Since ella and él are both gendered pronouns in Spanish, some nonbinary people use elle (pronounced EH-yeh) as a gender-neutral alternative. So, you might see the pronouns they/them/elle.
“Elle is a push for progress, in a language like Spanish where the nouns and adjectives you use to refer to yourself in everyday life are masculine or feminine,” the tech professional explains. “Elle (though still not widely adopted) provides an option for folks who identify outside the binary to represent themselves more authentically.”
Final thoughts: Normalizing the conversation around pronouns can make people feel comfortable being their authentic selves at work
As a rule of thumb, it’s always better to ask about a person’s pronouns than to guess. By normalizing the conversation around pronouns at your company, this will soon become second nature. Here are a few steps you can take to get started:
Add your pronouns to your email signature and your LinkedIn profile when the feature is available to you (it may be already!) and encourage your leaders and team to do the same.
When you meet a new candidate or employee, introduce yourself using your pronouns first to put the other person at ease and encourage them to share their own. For example, I might say “Hi — I’m Sam, I use she/her pronouns, and I work on the marketing team.”
Be consistent. If you regularly introduce yourself using your pronouns, nonbinary and transgender individuals won’t feel singled out.
When someone tells you their pronouns, make a note of it. If you catch yourself making a mistake or if someone corrects you, apologize, restate what you were saying using the correct pronouns, and try to remember for next time. Resist the urge to get defensive — it’s a learning curve, and we all make mistakes sometimes.
If you have a question about what someone’s pronouns mean, it may be OK to ask a follow-up question, but be mindful of the setting. They may feel it’s inappropriate for you to ask in an all-hands meeting, for example, but be open to discussing it privately. There are also a wealth of resources online (like this guide from Out & Equal) that you can turn to if you want to learn more about pronouns, the gender spectrum, and other LGBTQ+ issues.
This may take some getting used to. But your efforts will not go unnoticed by employees and candidates.
“I feel very seen when people ask me for my pronouns, and even more so when people call me by my pronouns,” says the professional working in academia, noting that they have faced harassment in the workplace for requesting that people use the correct pronouns.
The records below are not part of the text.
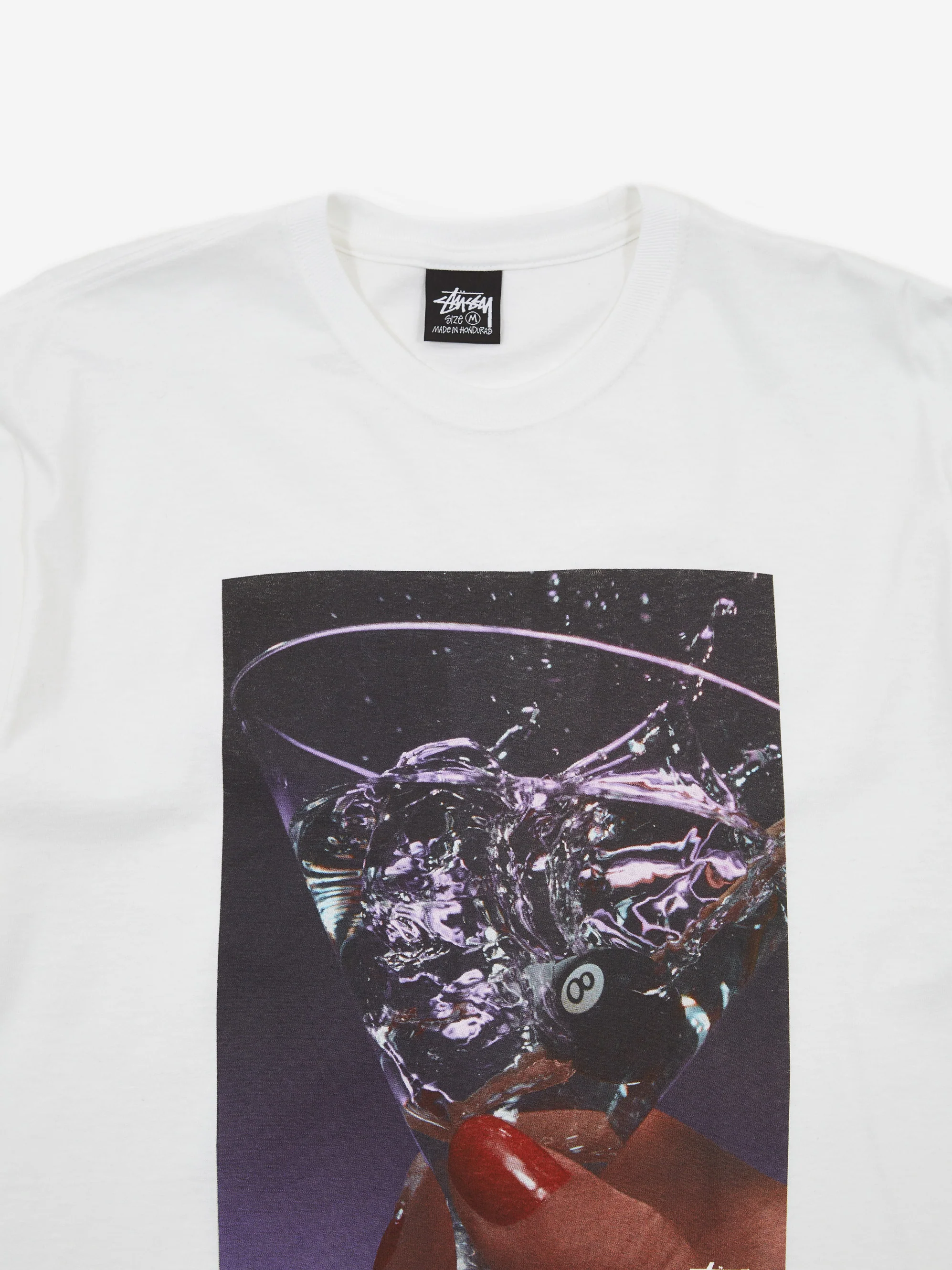 Stussy Martini SS T-Shirt - White - Image 2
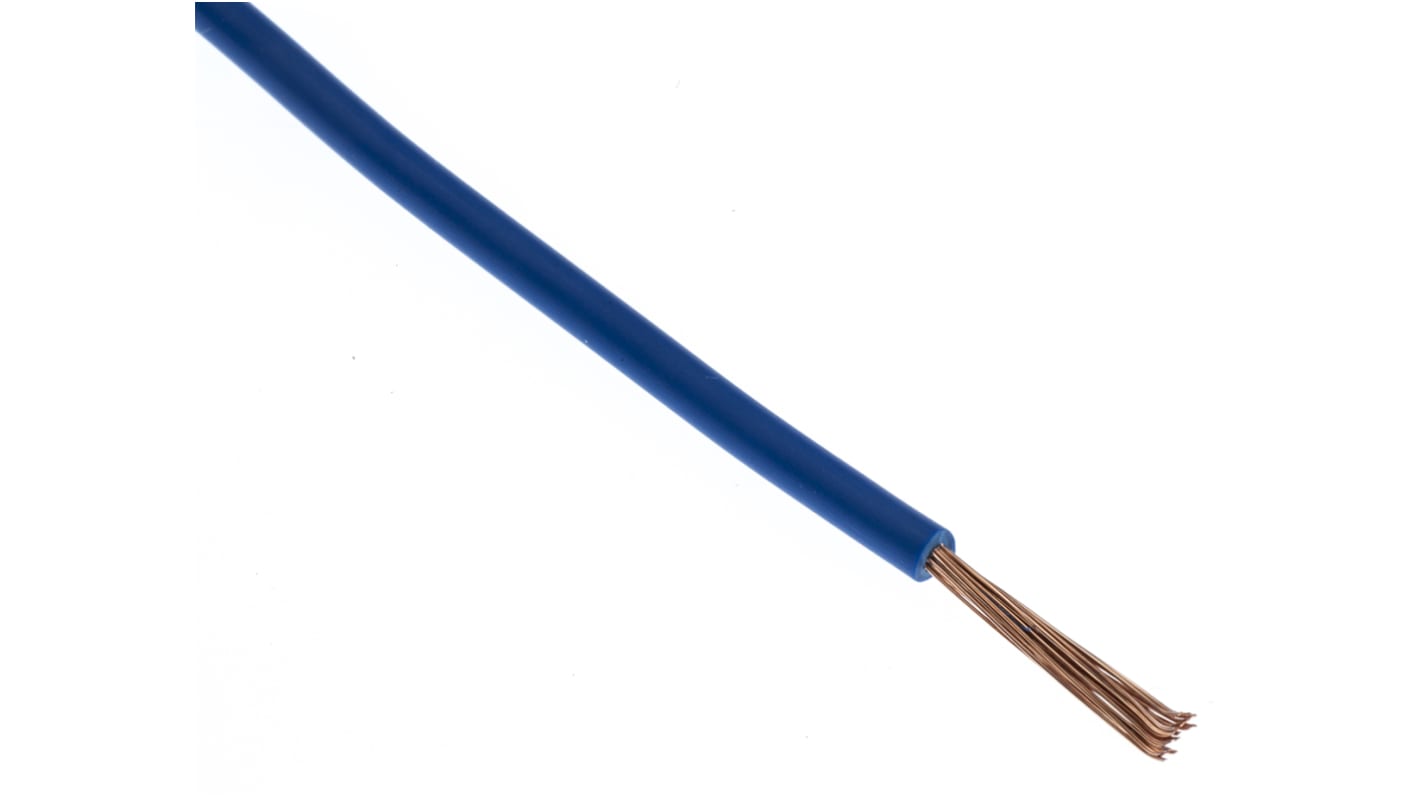 Lapp MULTI-STANDARD SC 2.1 Series Blue 0.5 mm² Hook Up Wire, 22 AWG, 100m, PVC Insulation, 4160114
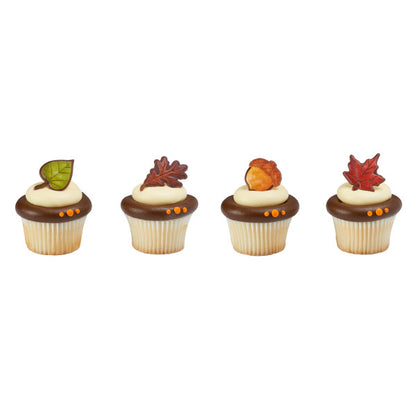 Thankful For Fall Cupcake Rings - 12 Cupcake/Cake Rings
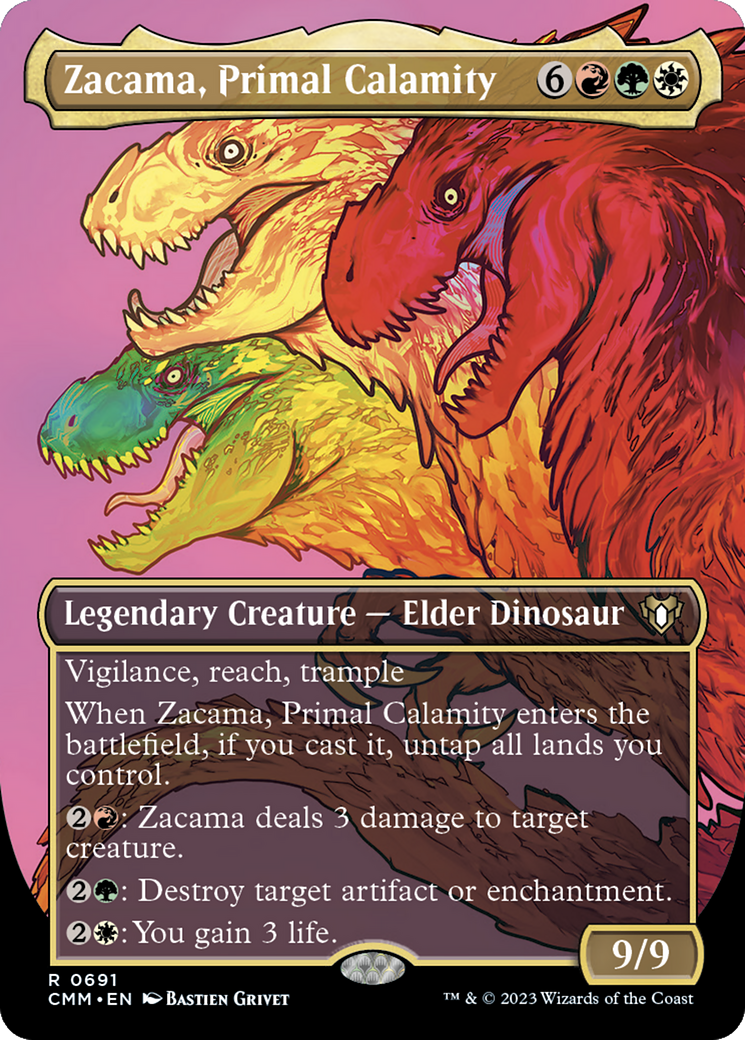 Zacama, Primal Calamity (Borderless Profile) [Commander Masters] | Exor Games Truro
For the professional working in publishing, interviewing as their authentic self for the first time has been an empowering experience.
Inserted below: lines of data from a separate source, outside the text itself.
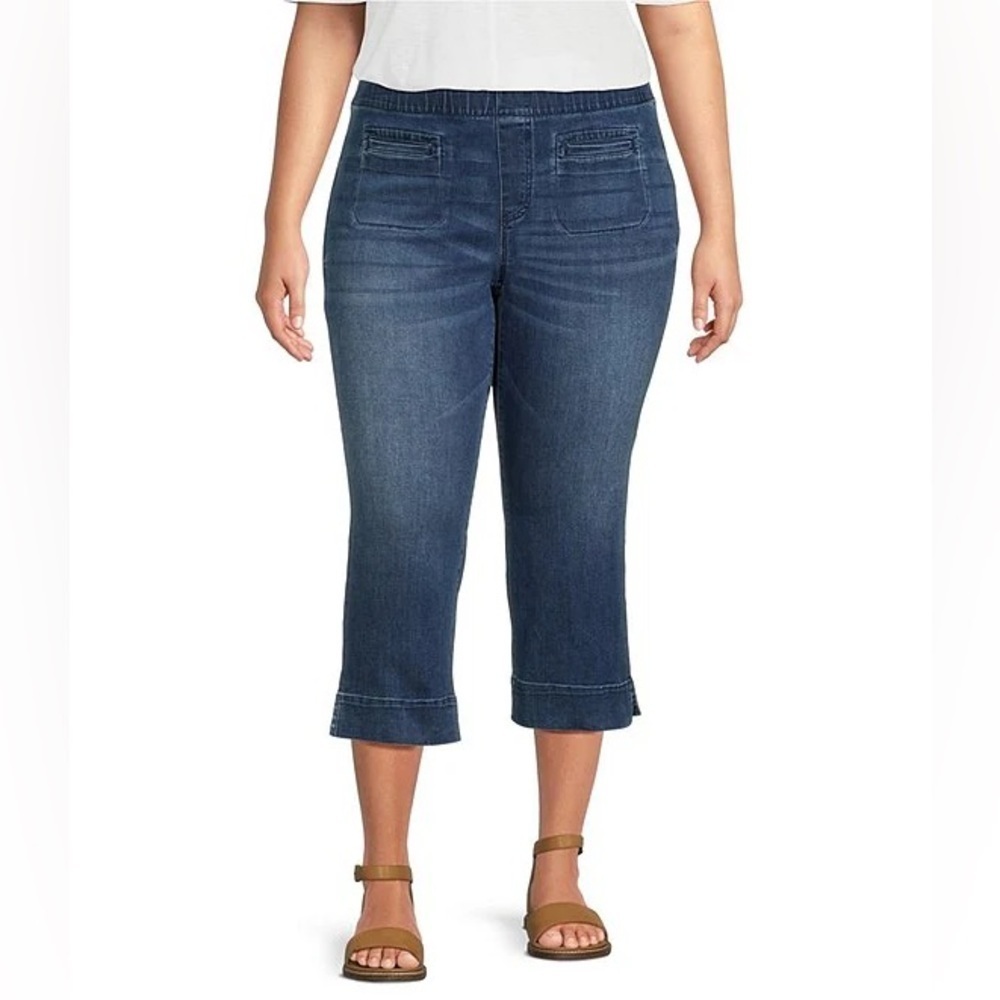 NWT Westbound Hi-Rise Skinny Crop Capri Jeans Size 24W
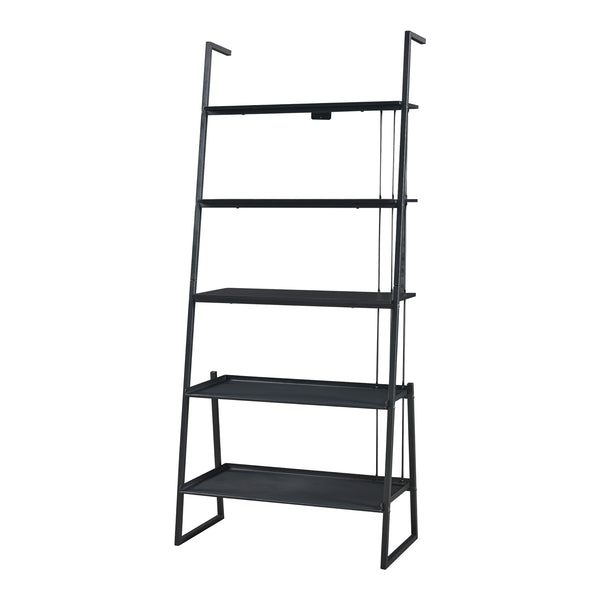 Scaffale a Scala Storfjord - Nero [en.casa]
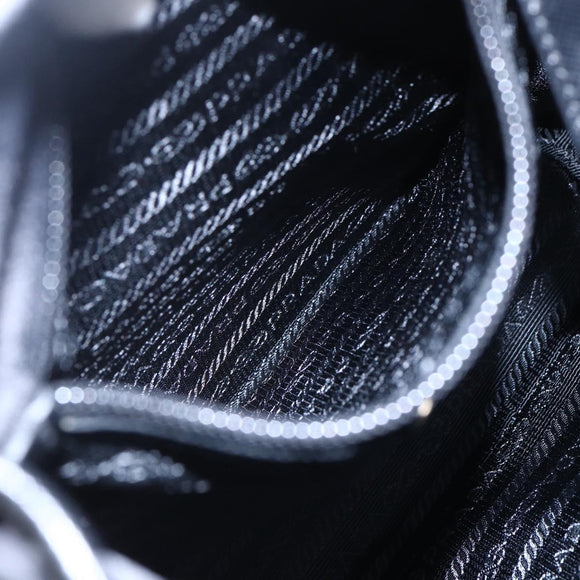 PRADA Shoulder Bag Nylon Black Silver Auth am9570V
“I feel much more confident talking through my projects and responsibilities,” they explain. “Being identified and addressed by my preferred pronouns also signals to me as an interviewee that this is a company where I am less likely to experience discrimination for my gender presentation or, if it occurs, a company where I will have a supportive HR staff or supervising manager to advocate for me.”
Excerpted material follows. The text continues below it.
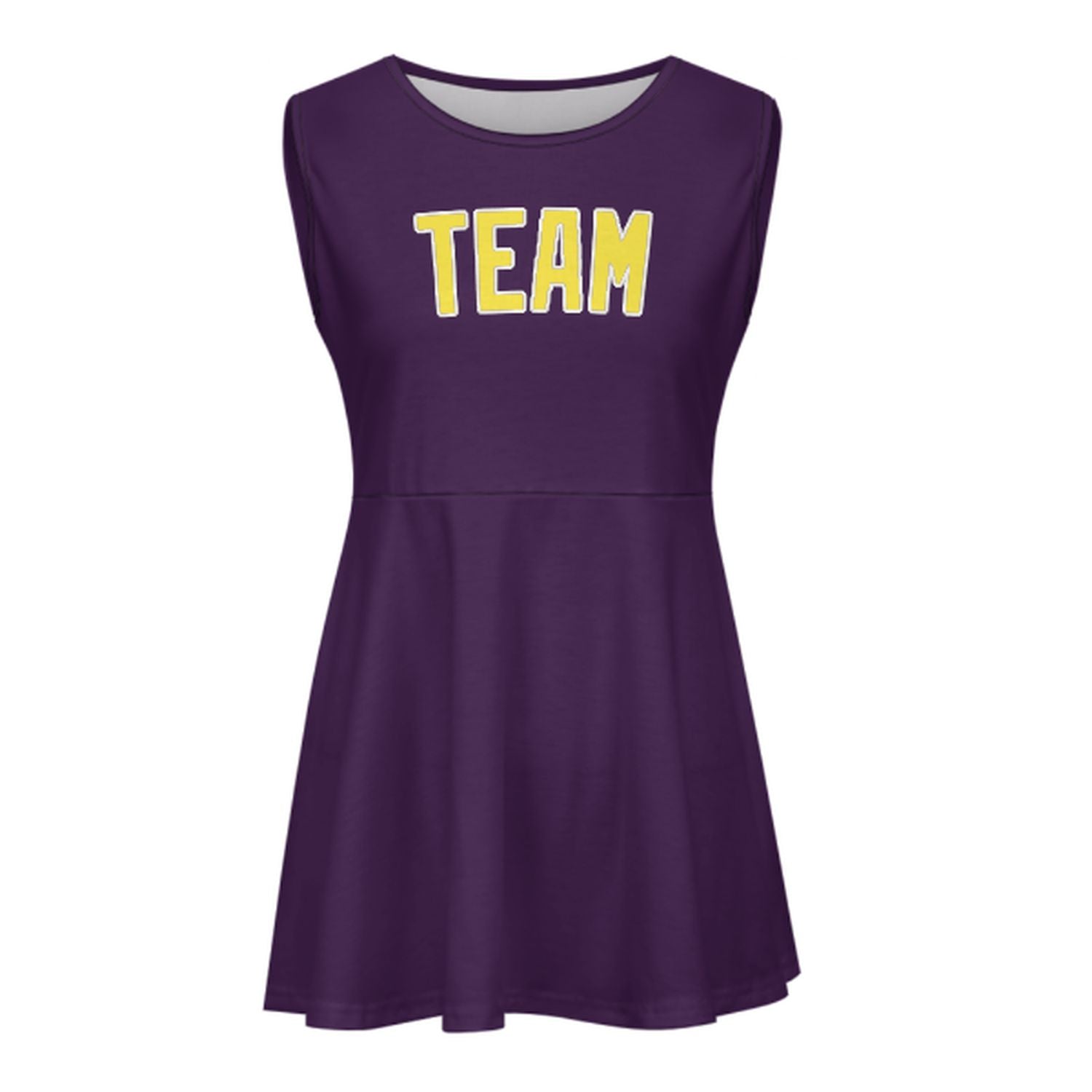 Maßgeschneidertes Lila Blassgelb Cheerleader-Kleid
This analysis considers the most common user-defined pronouns on LinkedIn, i.e., customized pronouns that members inputted themselves, rather than selecting a preset option, where available, like she/her or he/him. For the purpose of aggregating the most common pronouns, those with the same order of pronouns were counted together. For example, user-defined pronouns she/they, she/her/they/them, and she/her/they are all counted under she/they. However, since the order of pronouns may reflect a preference, pronoun sets such as she/they and they/she are counted separately. The pronouns from users who wrote the words any or any pronouns were counted collectively under any pronouns.